══ SOURCE RECORDS
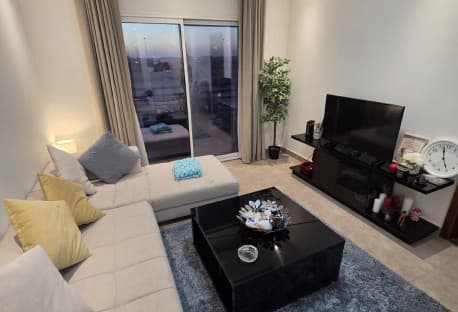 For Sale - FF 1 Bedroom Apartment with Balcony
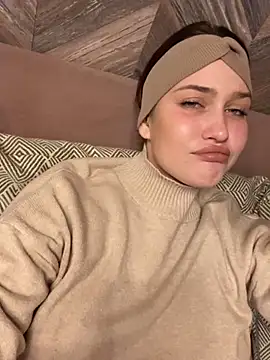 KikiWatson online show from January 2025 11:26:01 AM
════
══ SOURCE RECORDS
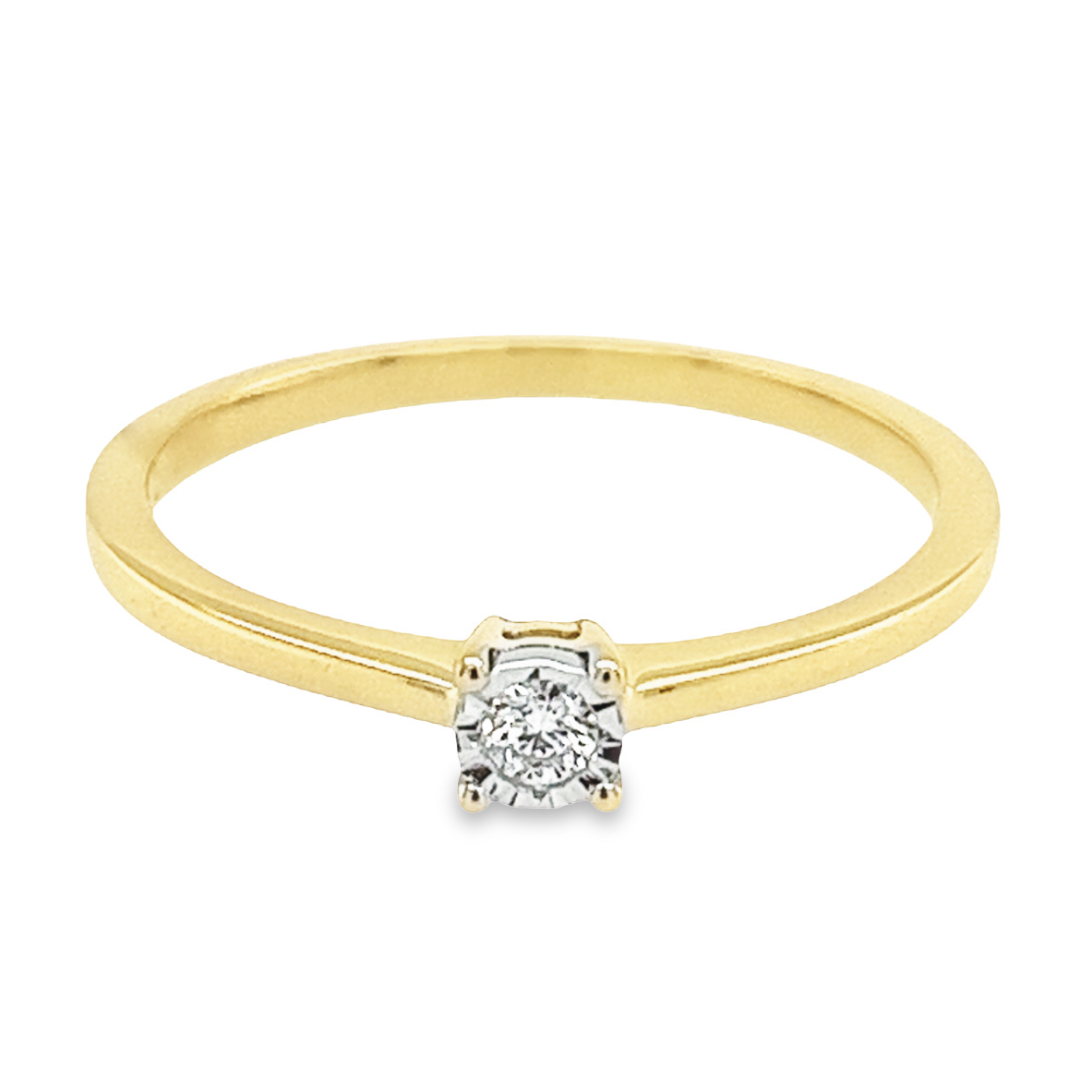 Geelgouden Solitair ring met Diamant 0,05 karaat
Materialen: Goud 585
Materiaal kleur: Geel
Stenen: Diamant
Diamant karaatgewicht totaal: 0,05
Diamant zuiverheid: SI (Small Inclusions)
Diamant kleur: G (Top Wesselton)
════
■ **PROBLEM TO SOLVE**: Count lines above with the word "kleur". Give the number only.

■ **EXERCISE RESULT**: 2